Yes. I'll kind of go through, I mean, the biggest property we sold in 2010 with a portion of our shallow gas acreage, producing acreage in Canada. And we're not looking at selling additional shallow gas production in 2011. The sales that we're looking at for 2011 are primarily from long live natural gas assets in the U. S.
And then some acreage positions that we have that are currently kind of hot commodities. And then on the midstream side, it's just some various midstream facilities up there. As far as on a quarter to quarter basis, I can't give you specifics of sales accomplished. Okay. Of sales accomplished.
Okay. And then just one more if I may. On the Niobrara comments around matrix permeability in the Hereford Ranch area, what permeability range are you seeing there? And then and just given the data that you've seen so far, do you expect Niobrara to really have a core in an Niobrara light region?
Yes. What we can say about this is, as Mark noted earlier, the early wells in are generally dominated by high permeability open fracture systems. And this typically leads to very wide spacing patterns and low in place oil recoveries.
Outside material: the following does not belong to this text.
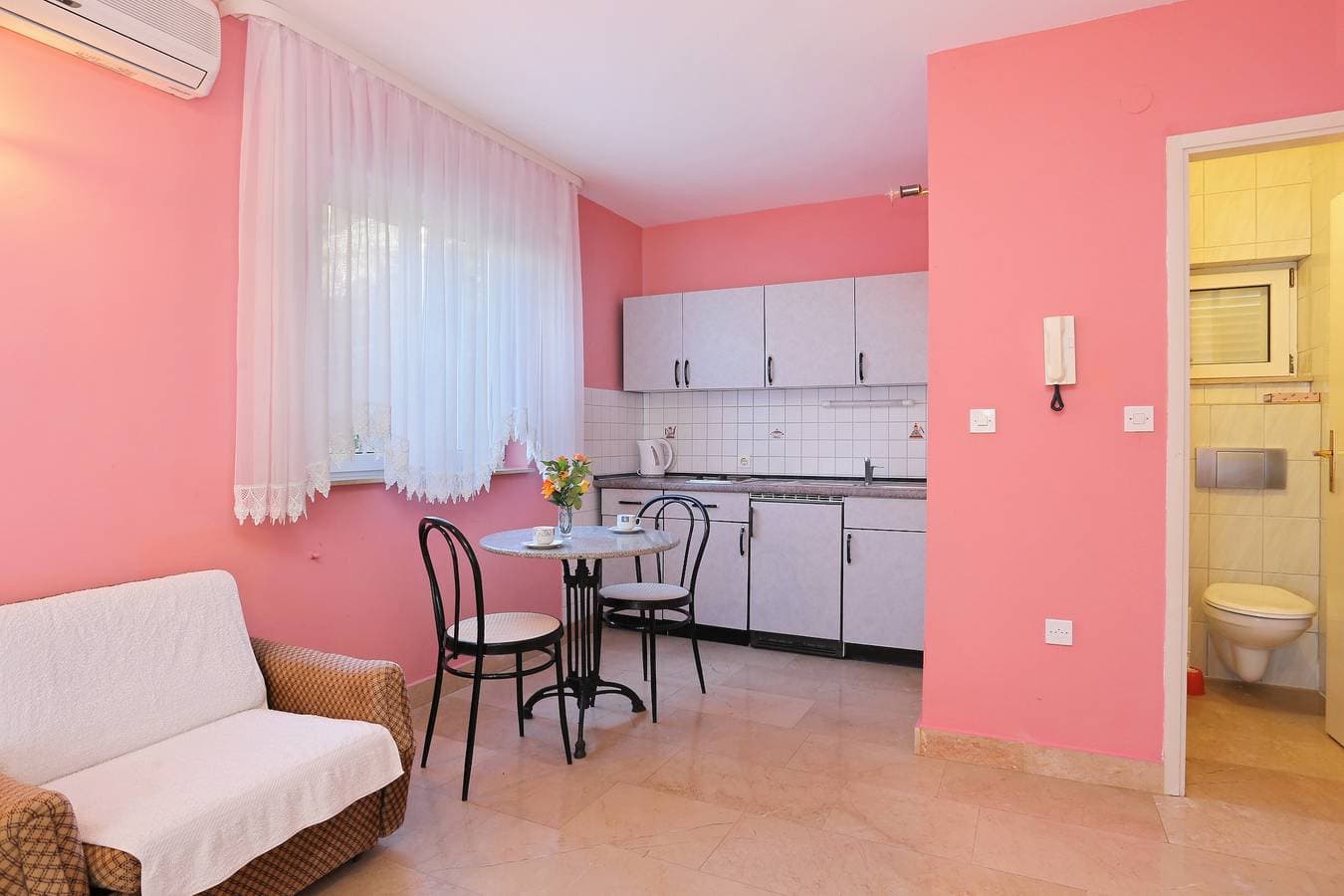 Foto 8 von 15: Studio Appartement mit Terrasse und Meerblick Marusici, Omis -a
So what we're doing, we're developing a new completion concept and this encouraging, but they're early. And if we're successful in changing this to connecting more certainly increase the recovery factor of the oil in place.
So, it's going to take some time to determine this and the ultimate impact on the play will just reveal itself over time.
And moving on, we'll take next question from Leo Marini with RBC Capital.
Yes. Good morning here folks. You're obviously more excited about the Marcellus based on some of your recent drilling results. Can you give us a sense of your well cost up at the Marcellus and the EURs and those wells?
Yes. In Bradford County, I mean the typical well cost is about $5,000,000 The EURs are we're looking in the range of probably about minimum of close to 4 Bcf. We just need to watch production from some of these wells. But if we can replicate these Bradford County results, they're as far as dry gas drilling, they're going to be reasonably economic dry gas wells to drill. So we really may have a situation here where we get a series of wells that have been IP at 14000000, 15000000 a day up in the Marcellus and Bradford County area.
And then the stuff in Clearfield County, kind of similar well costs, reserves might be a a because as I said, it might infer that there's a trend of good gas productivity all the way from New York State line down to Pittsburgh. So we just have to do some additional drilling to see if that really pans out in that manner. But there's no doubt that we're more sanguine regarding the Marcellus than we had been previously.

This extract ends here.